Terraform and Splunk Part 1: Building a Splunk instance in AWS

As I work with global financial customers in my day job at HashiCorp, auditing and logging are topics that come up regularly. The vast majority of my customers would use Splunk as a log engine (Gartner-ly known as SIEM (Security Information and Event Management)) for a variety of use cases and HashiCorp partnered with Splunk to integrate it directly with Terraform Cloud. Kyle wrote a great article that covers how to set it up and the docs are also pretty clear. I am going to expand a bit further on Kyle’s post as I spent a couple of weeks having a bit of fun with Splunk.

Why?

I sometimes skip over the why when I blog in my rush to document my experiments so I will try to lay out exactly the problems we’re trying to solve:

  • Terraform Open Source, as good as it is, doesn’t include any built-in logging capabilities. It didn’t matter that much to me when I was running Terraform locally for my labs but it does matter for large enterprise customers. Sure, many of them integrate Terraform in a CI/CD pipeline and work around this by adding webhooks in your pipeline and forward logs to collectors…
  • Alternatively, you might use Terraform Cloud or Terraform Enterprise and log everything you do out, to S3, CloudWatch, Splunk, etc…
  • What I am particularly focusing on are the Auditing logs, especially for Policy-As-Code: as my customers look at building secure self-service platforms using Policy-As-Code and Sentinel, they need the ability to build searches that help them understand who submitted the changes, which runs failed the policy checks, who decided to override the runs that failed a soft policy, etc….
  • As Splunk is the main logging platform and given that there is Terraform Cloud for Splunk app, we’re going to focus on Splunk.
  • This is going to be a multi-part series:
    1. Part 1: Deploy Splunk instance in AWS with Terraform
    2. Part 2: Set up Terraform Cloud for Splunk app and build searches
    3. Part 3: Use the Terraform for Splunk provider to configure Splunk

If you already have a Splunk collector available, you can probably skip the rest of the post and move on to Parts 2 and 3.

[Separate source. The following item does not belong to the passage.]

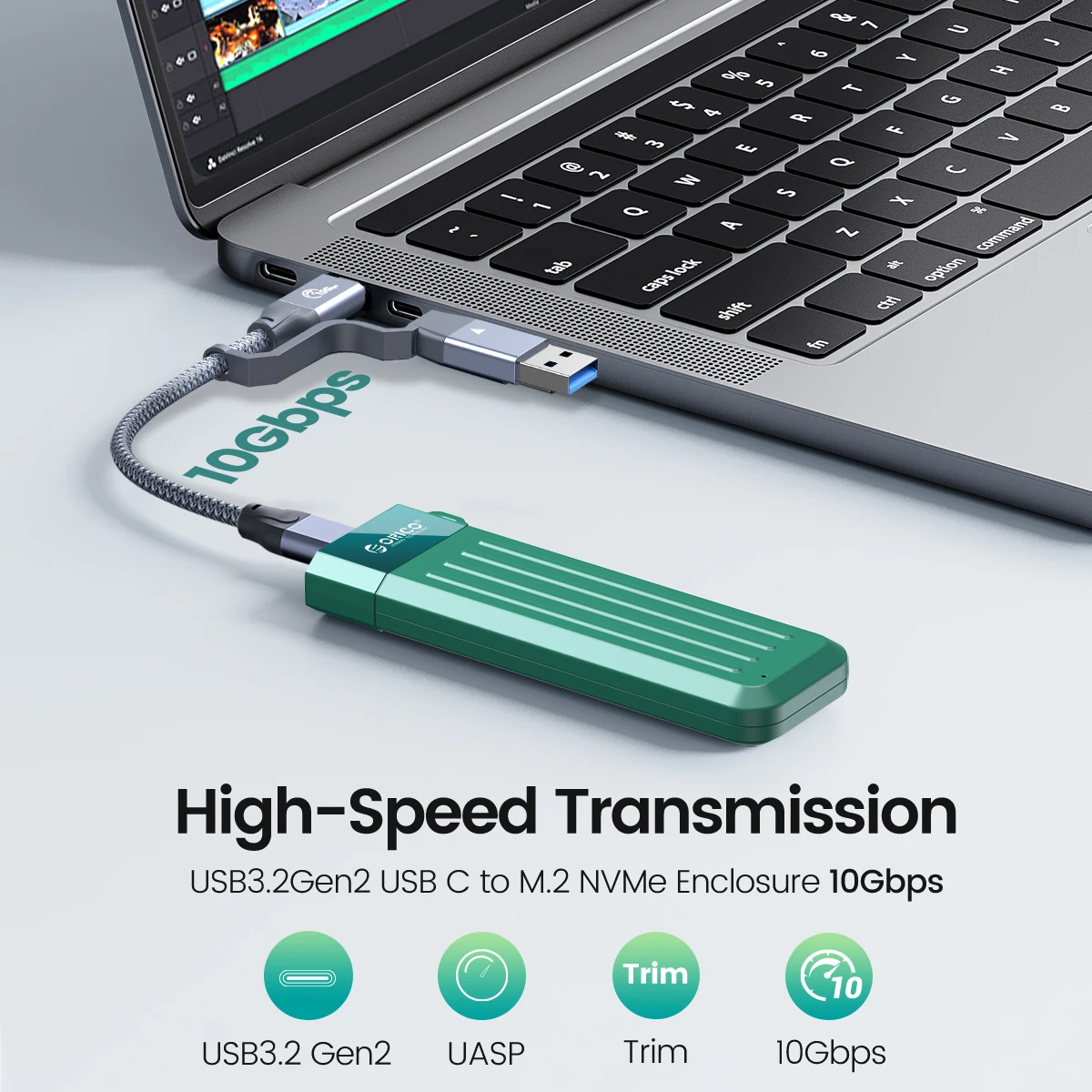 ORICO Carcasa SSD M.2 NVMe USB‑C – Alta Velocidad y Compatibilidad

My first thought was: which Splunk should I use? Should I deploy a Splunk Enterprise instance on EC2 (AWS remains my go-to platform, especially because of its marketplace) or should I use the SaaS Splunk, Splunk Cloud?

Splunk Cloud

I had already tried Splunk via the AWS Marketplace in my previous gig so I thought I’d check out Splunk Cloud. I was impressed by how quickly I got access to a free Splunk Cloud instance. Integrating with Terraform Cloud took about 5 minutes and I got my dashboard up and running.

I built a number of search queries and dashboards and that worked a treat. And when I got stuck, the Splunk community was quick to come to the rescue (thanks again).

However… When I tried to build my searches and dashboards using Terraform, I quickly hit a roadblock.

The Free Trial doesn’t let you access the REST API.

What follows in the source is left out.